Action item
Only the lines from the one containing "Ami Paris Zip-Up" through the end of the material are to be echoed, each exactly as it appears.

Task material START

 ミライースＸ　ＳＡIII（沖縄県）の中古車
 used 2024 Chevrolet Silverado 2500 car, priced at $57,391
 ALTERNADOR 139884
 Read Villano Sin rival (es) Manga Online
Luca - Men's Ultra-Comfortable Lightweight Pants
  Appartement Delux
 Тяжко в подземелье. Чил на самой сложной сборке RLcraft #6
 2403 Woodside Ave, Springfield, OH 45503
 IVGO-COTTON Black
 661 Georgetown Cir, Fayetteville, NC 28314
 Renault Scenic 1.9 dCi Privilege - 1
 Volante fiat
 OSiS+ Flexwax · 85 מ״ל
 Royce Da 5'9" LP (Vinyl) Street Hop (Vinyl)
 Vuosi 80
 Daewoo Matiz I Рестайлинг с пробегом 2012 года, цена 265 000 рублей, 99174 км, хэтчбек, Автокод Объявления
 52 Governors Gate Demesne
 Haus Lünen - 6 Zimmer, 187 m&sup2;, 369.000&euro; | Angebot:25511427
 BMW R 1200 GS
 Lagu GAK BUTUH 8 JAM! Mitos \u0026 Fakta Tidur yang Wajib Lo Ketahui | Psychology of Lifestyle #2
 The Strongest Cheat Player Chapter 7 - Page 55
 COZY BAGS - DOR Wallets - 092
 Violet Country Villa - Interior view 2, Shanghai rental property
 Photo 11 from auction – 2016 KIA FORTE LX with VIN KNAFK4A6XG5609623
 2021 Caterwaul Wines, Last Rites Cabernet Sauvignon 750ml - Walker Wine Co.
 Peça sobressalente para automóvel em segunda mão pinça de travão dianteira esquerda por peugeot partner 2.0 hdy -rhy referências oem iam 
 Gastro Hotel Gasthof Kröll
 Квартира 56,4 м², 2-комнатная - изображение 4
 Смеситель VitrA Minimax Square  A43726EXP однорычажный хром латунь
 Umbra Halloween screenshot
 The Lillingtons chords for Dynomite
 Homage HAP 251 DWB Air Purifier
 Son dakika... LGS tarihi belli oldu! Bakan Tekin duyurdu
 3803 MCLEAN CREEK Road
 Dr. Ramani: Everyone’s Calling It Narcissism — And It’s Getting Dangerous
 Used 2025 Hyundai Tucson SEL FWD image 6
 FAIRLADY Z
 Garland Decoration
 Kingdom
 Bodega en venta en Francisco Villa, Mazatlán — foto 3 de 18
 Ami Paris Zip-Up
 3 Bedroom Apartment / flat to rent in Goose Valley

Task material END

Exercise answer
 Ami Paris Zip-Up
 3 Bedroom Apartment / flat to rent in Goose Valley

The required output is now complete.